**To do:** Pictures stay out of the answer, but every line of the material must be restated exactly.

**Recorded information:**
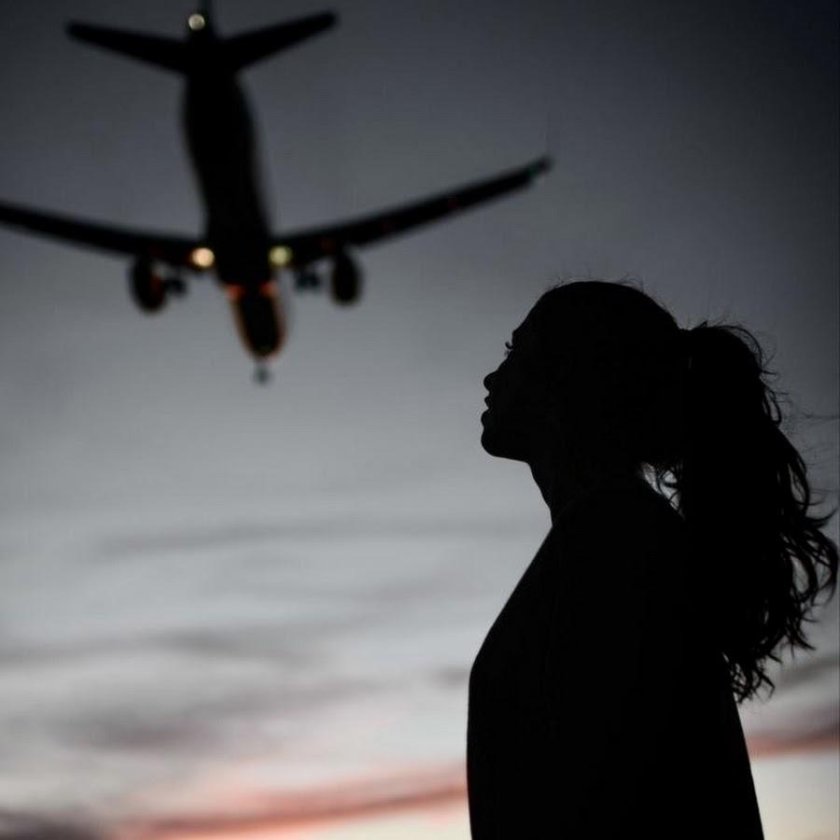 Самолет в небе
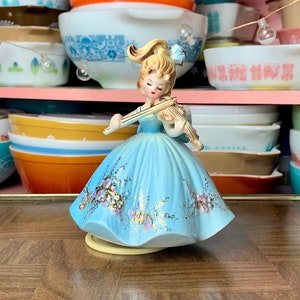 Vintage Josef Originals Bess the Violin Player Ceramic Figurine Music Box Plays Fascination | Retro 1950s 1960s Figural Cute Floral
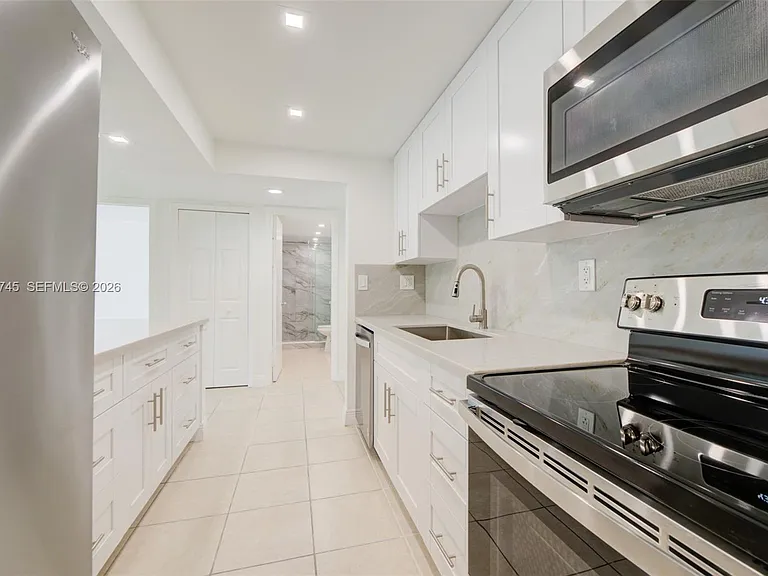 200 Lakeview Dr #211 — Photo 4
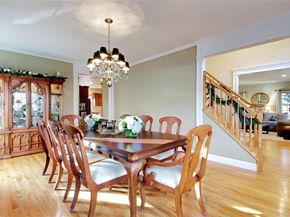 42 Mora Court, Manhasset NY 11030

**Output of the exercise:**
 Самолет в небе
 Vintage Josef Originals Bess the Violin Player Ceramic Figurine Music Box Plays Fascination | Retro 1950s 1960s Figural Cute Floral
 200 Lakeview Dr #211 — Photo 4
 42 Mora Court, Manhasset NY 11030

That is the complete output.